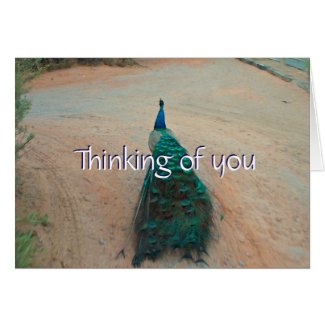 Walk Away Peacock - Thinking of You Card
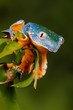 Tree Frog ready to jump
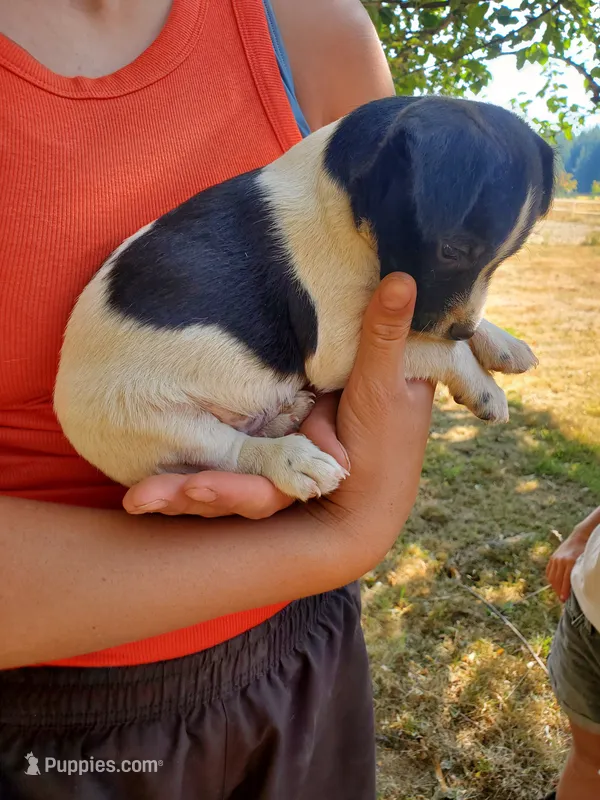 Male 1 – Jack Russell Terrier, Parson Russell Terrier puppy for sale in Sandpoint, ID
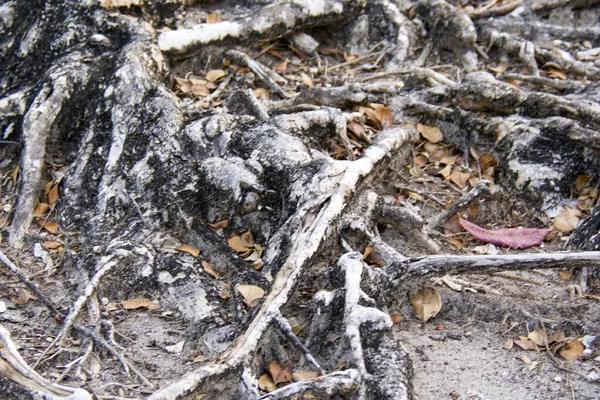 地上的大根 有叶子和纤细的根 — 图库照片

...

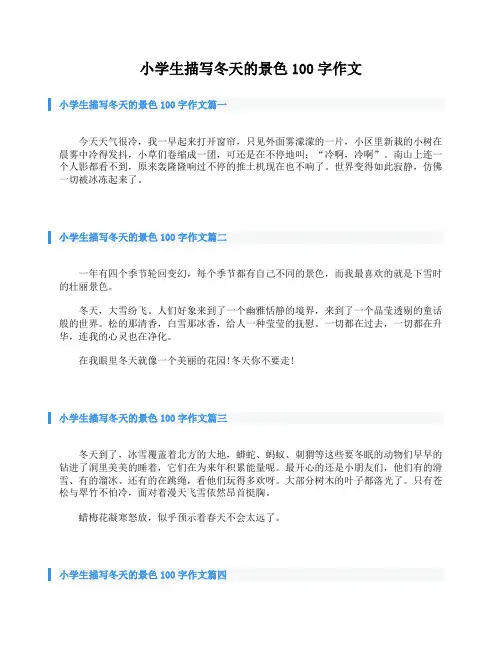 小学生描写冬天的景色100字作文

[Problem requirements]
Those lines of the records above that run from the one containing "Tree Frog ready to jump" through the one containing "地上的大根 有叶子和纤细的根 — 图库照片" should be returned exactly, with no pictures among them.

[Answer area]
 Tree Frog ready to jump
 Male 1 – Jack Russell Terrier, Parson Russell Terrier puppy for sale in Sandpoint, ID
 地上的大根 有叶子和纤细的根 — 图库照片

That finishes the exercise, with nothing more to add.